The second method, described in the *Siddhāntaśiromaṇi* and expanded upon in the *Vāsanābhāṣya* is similar in principle. But, instead of slicing the sphere like a tomato, imagine cutting it like an apple, or to go by Bhāskara’s example, similar to a gooseberry (āmalaka) or āmla. The slices can be peeled to form crescent-like shapes of the same size. Bhāskara further cut the crescents along latitude lines to obtain triangles at the ends and trapezia in the middle and used known formulae to calculate their area. Summing the areas of all the triangles and trapezia gives the surface area of the sphere. This method is like cutting the surface of the Earth along the longitudes.

On the Greek side, Archimedes stated that the sphere is four times that of a cone which has the great circle of the sphere as a base, and the radius of the sphere as the height. He presented a rigorous proof for the formula he suggested, employing a technique known as *reductio ad absurdum*.

“Archimedes meticulously structures his arguments by first laying out a number of axioms and assumptions, and then slowly builds towards the surface area of a sphere over thirty-three propositions, proving each in turn before moving on to the next”, say the authors.

First, he showed that a solid body with any number of sides that can be contained within the sphere has a surface area less than 4 times the area of the largest circle that can be drawn on a sphere. Therefore, the area of the sphere cannot be less than 4 times the area of the largest circle that can be drawn on it.

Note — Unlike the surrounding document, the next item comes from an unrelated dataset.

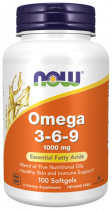 NOW Omega 3-6-9 1000 mg, Омега-3-6-9 1000 мг, 100 капсул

He then showed that a solid body with any number of sides that can contain the sphere within it has a surface area greater than 4 times the area of the largest circle that can be drawn on a sphere. Hence, the area of the sphere cannot be greater than 4 times the area of the largest circle that can be drawn on it. It follows that a sphere must have an area exactly equal to 4 times the largest circle that can be drawn on it.

Highlighting the differences between the two approaches, the researchers suggest that those are driven by the underlying motivation; Bhāskara’s methods provide a more practical and demonstrative proof, Archimedes presents a more theoretical explanation. Bhāskara’s methods involve dividing the surface of the sphere into known geometrical shapes and adding their areas, an approach that is much easier for young minds to understand and visualise in addition to being useful for solving practical problems. Bhāskara uses simple multiplicative and additive expressions, easier to understand for students familiar with formulae for an area being some variation of base times height.

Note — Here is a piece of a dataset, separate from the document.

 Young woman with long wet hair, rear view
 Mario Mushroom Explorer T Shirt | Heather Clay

The researchers feel that among the two approaches, Bhāskara’s methods seem better suited to introduce the subject matter to students. Since many of Bhāskara’s works have similar lucidity of thought, they suggest adding them in the prescribed mathematics syllabus in schools. The methods of Archimedes, on the other hand, will appeal to the students of advanced mathematics due to the meticulous approach of starting with axioms and slowly building up arguments proposition by proposition.

“His (Archimedes) approach highlights some important lessons in how to approach a challenging mathematical problem”, opine the authors.

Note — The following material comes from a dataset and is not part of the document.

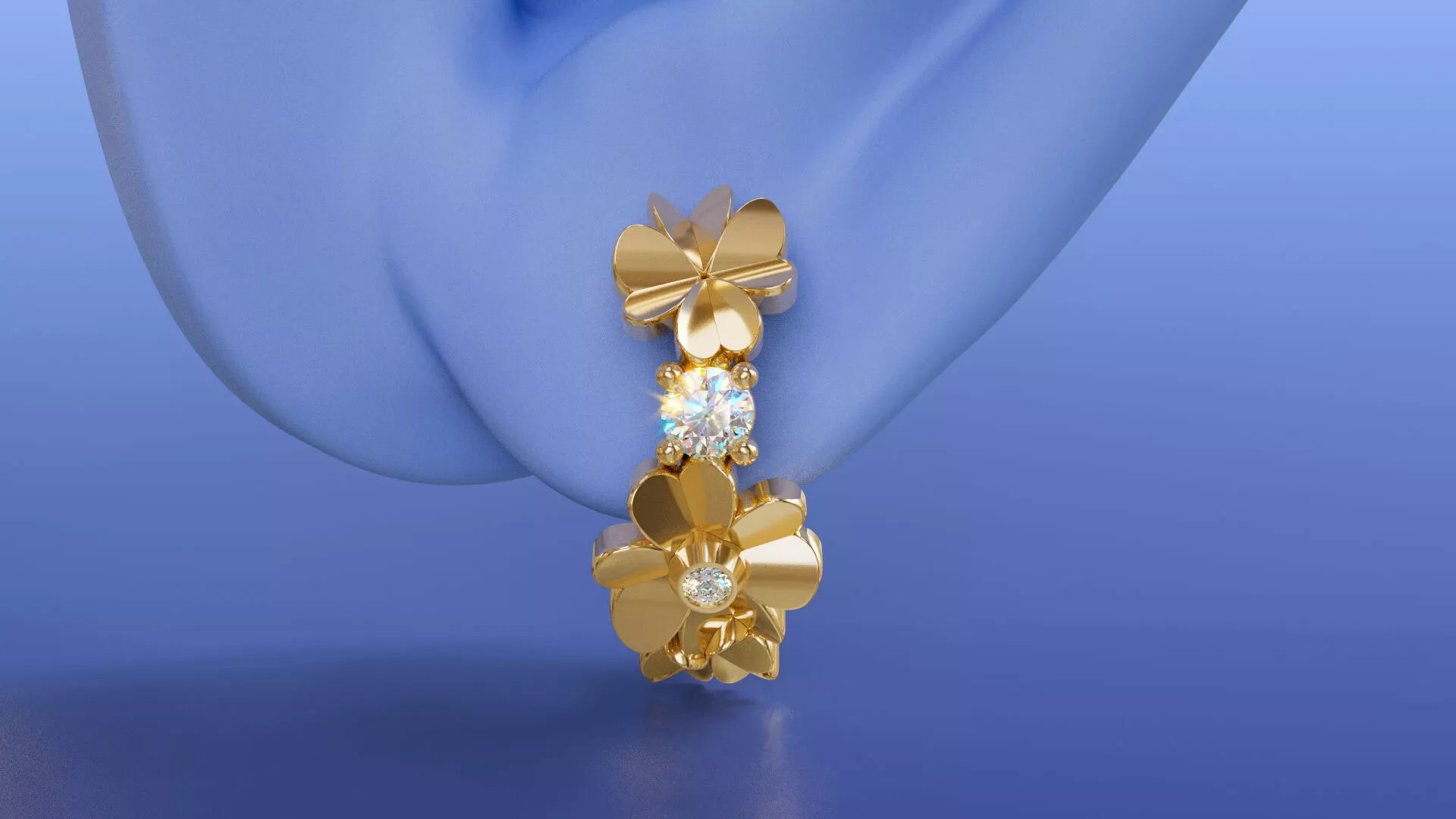 Four Leaf Clover Diamond Hoop Flower Earrings CAD Jewelry 3D print model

“The Indian mathematicians of yore combined vivid imagination and poetic charm to teach mathematical concepts and relations to students. They rooted their examples in popular culture and placed a great emphasis on practical demonstrations of their proofs to capture the interest of young minds. Re-adopting such techniques and rooting education in a culture and language familiar to young students would generate more interest in mathematics and improve educational outcomes”, says Dr Aditya Kolachana, one of the authors of the study.

As a next step, the authors advocate further research into Bhāskara’s works, which they believe are not yet “sufficiently studied compared to those of Archimedes”.